Directions: Instruction for the entries below: return the part that opens with the line containing "2017 Christopher Cross" and closes with the line containing "Mumbai gajar Ghas", exactly, and no pictures.

Material shown:

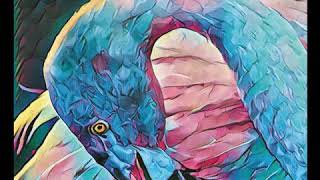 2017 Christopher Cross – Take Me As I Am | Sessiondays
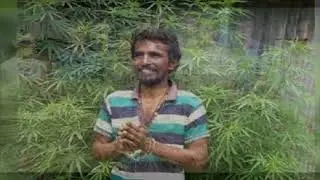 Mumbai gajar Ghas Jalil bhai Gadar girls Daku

---

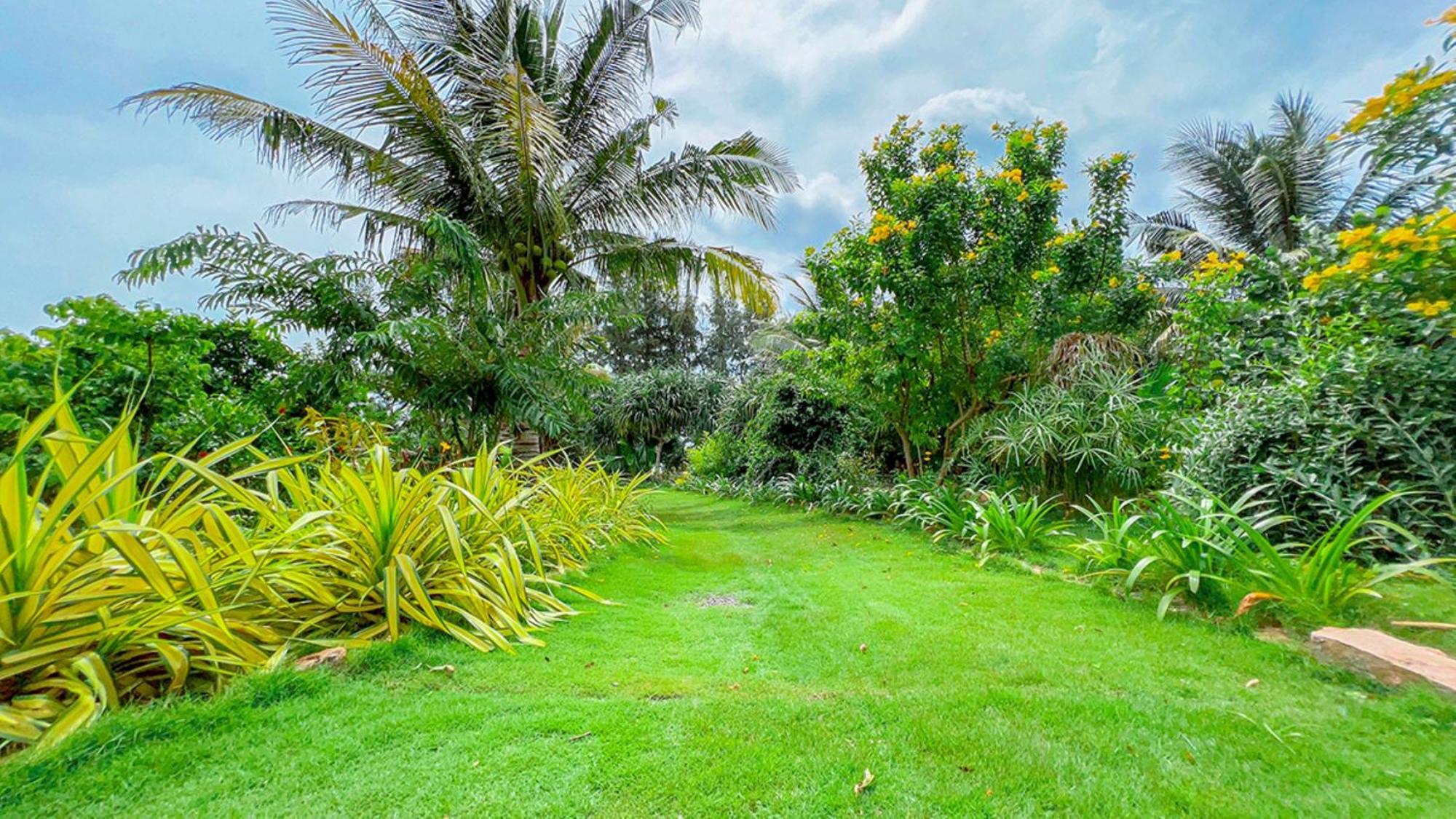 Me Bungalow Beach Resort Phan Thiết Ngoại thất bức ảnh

Task answer:
 2017 Christopher Cross – Take Me As I Am | Sessiondays
 Mumbai gajar Ghas Jalil bhai Gadar girls Daku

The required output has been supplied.